At değiştirerek emekçileri daha fazla sömürmeyi de gizlemiyorlar. Emekçi halka saldırı, haklarını budama, fırsatçılık, ucuz işgücü, sürekli borçlandırma, yedek işgücü olarak işsiz bırakma ve düzenlerine bağlı tutma konusunda küçük ayrıntıları farklı siyaset gibi göstermeleri düzenin istediği uyumlaştırma ve sömürü siyasetinden başka bir şey değil.
Yapacaklarını nöbet değişimi üzerine, devlet ve hukuk üzerine kuruyorlar. Ekonomiyi düze çıkaracağız dedikleri kapitalizmin düzü. Siyasal partiler yer değiştirecek, gerekirse liderler değişecek ama düzen aynı düzen, sermaye sınıfı emekçileri sömürmeye devam edecek… Oh ne âlâ…

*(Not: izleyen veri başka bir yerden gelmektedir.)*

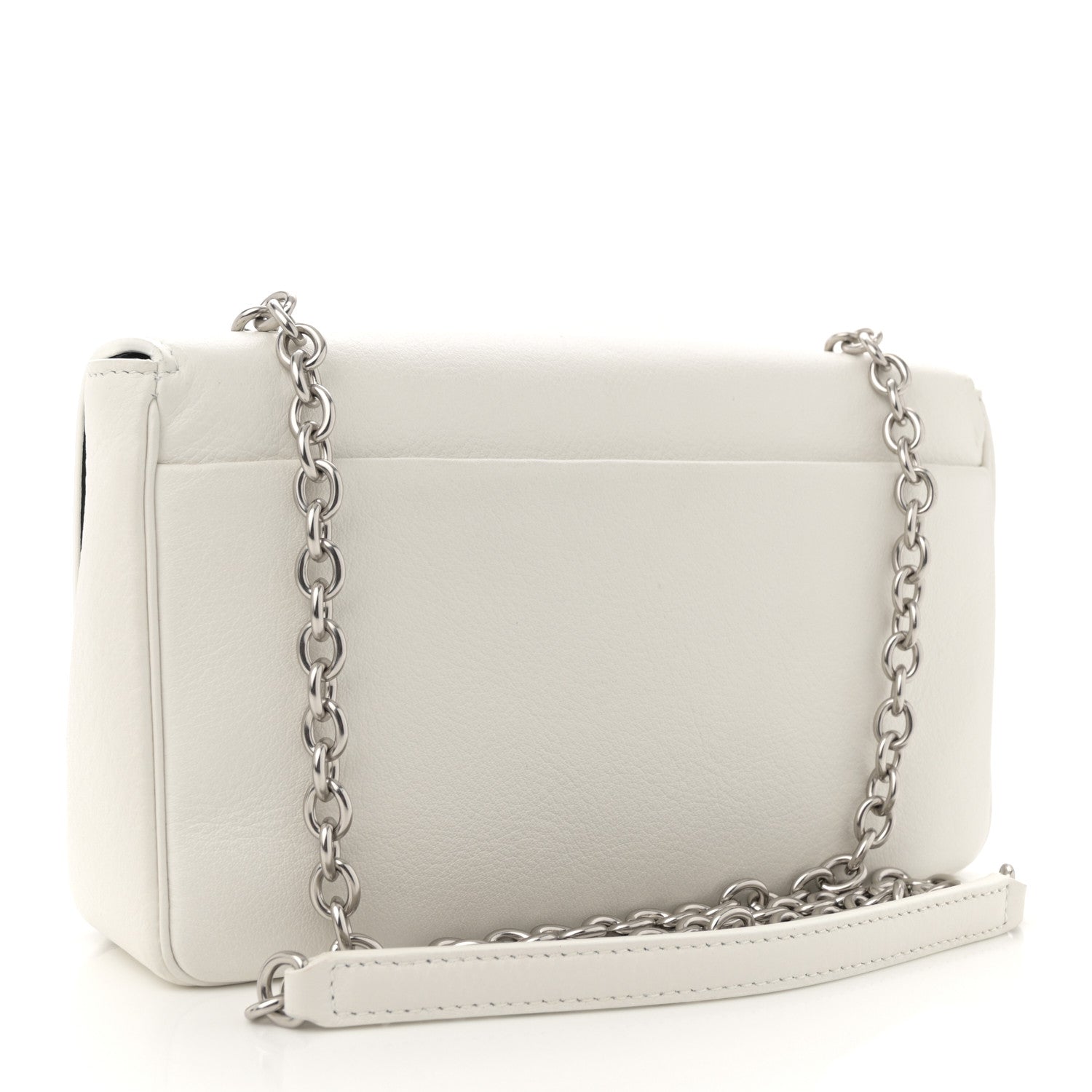 Balenciaga Pebbled Calfskin Logo Everyday Flap Chain Wallet White 3 of 12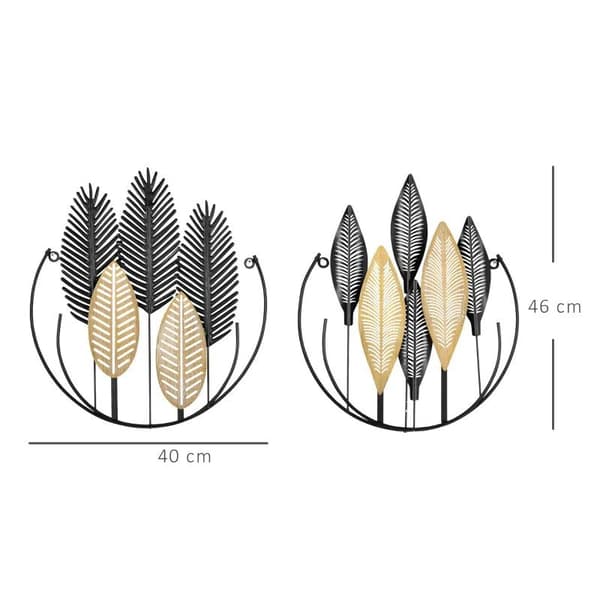 Rootz 3D vægmalerier - Sæt med 2 moderne vægdekoration - Metal vægdekoration - Badeværelse - Stue - Soveværelse - Spisestue - Guld + Sort - 40L x 46H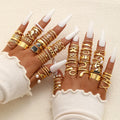 69 pieces Pearl Leaves Hollow Heart-shaped Ring - Viexta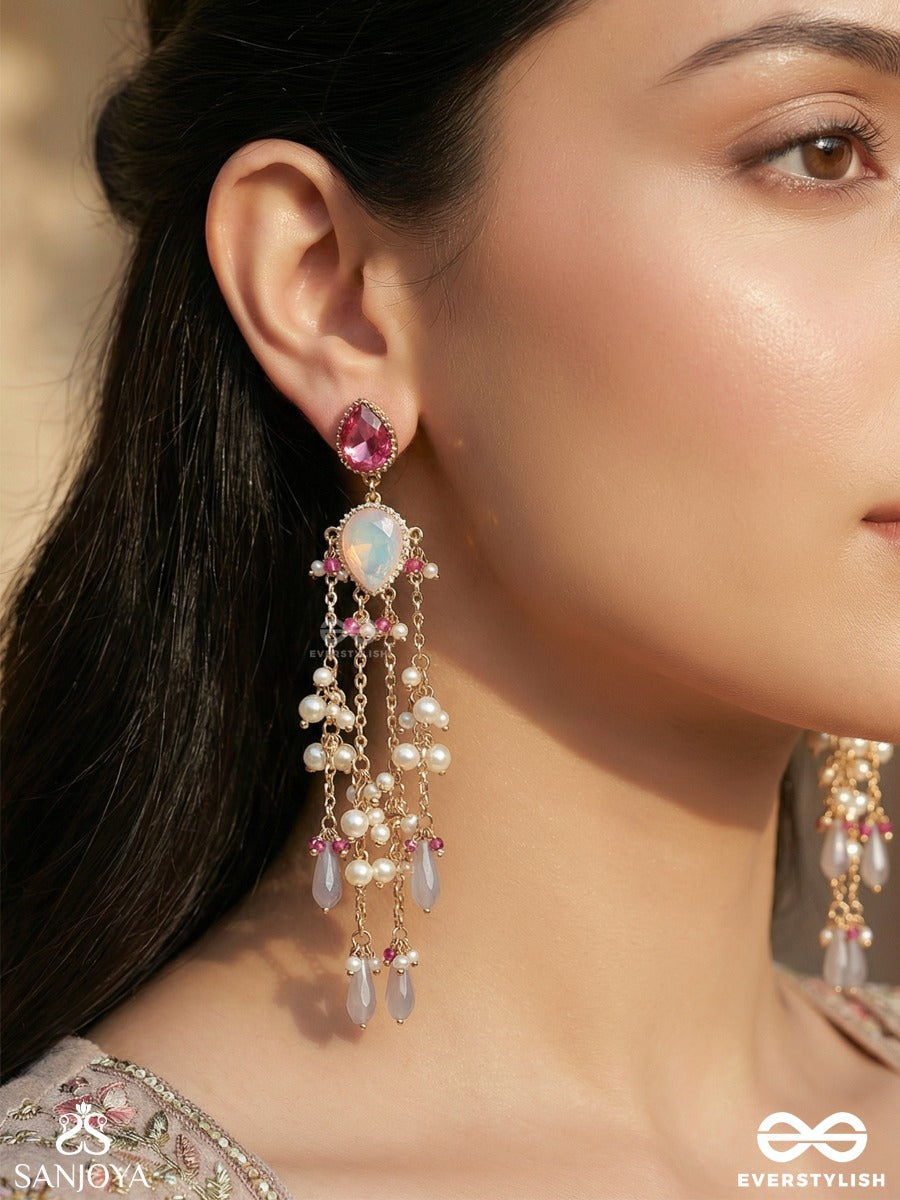 Mriduljhari - Gentle Cascade - Statement Earrings With Pearl Clusters And Flowing Chain Drops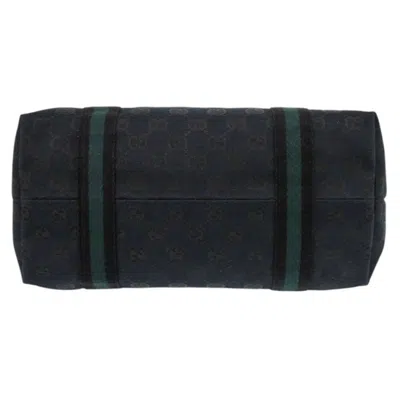 Pre-owned Gucci Black Green Canvas Tote Bag () In Multi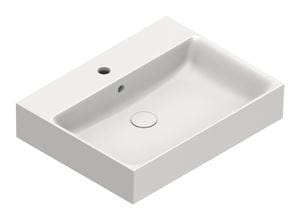 CATALANO PREMIUM umývadlo 60 cm, s otvorom pre batériu a prepadom, Cataglaze+Silver Titanium, matná biela
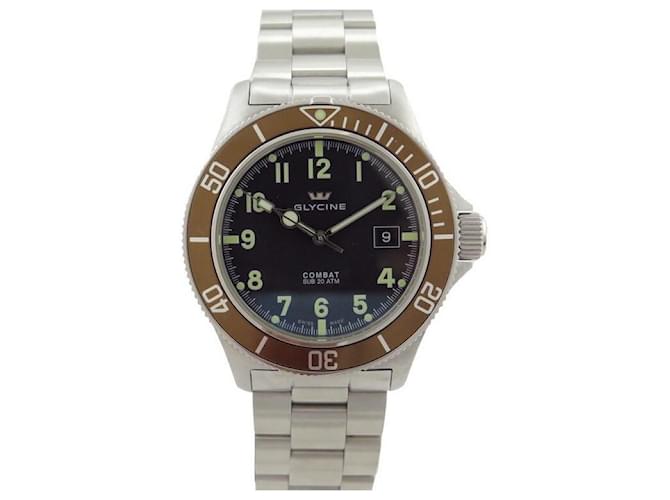 Autre Marque NEW GLYCINE COMBAT SUB WATCH 3863.3 43 MM AUTOMATIC STEEL WATCH Silvery  ref.365266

İpler sermaye sınıfının elinde. İplerle halk arasında demokrasi kılıflı siyasal partiler var, devlet ve hukuk var. Devletle ve hukukla oynayarak, aynı siyaseti farklı siyasi partilerle yapmaya kalkışarak iplerin sahibi değiştirilmiyor, değiştirilemez. Değiştirilmesi gereken kapitalizmin, emperyalizmin sömürü düzeni. Çökmeleri kaçınılmaz, yıkılmaları kaçınılmaz. İşte bunun için “işçi sınıfının örgütlü devrimci mücadelesi” ve “devrim için parti” diyoruz, “omuz ver” diyoruz.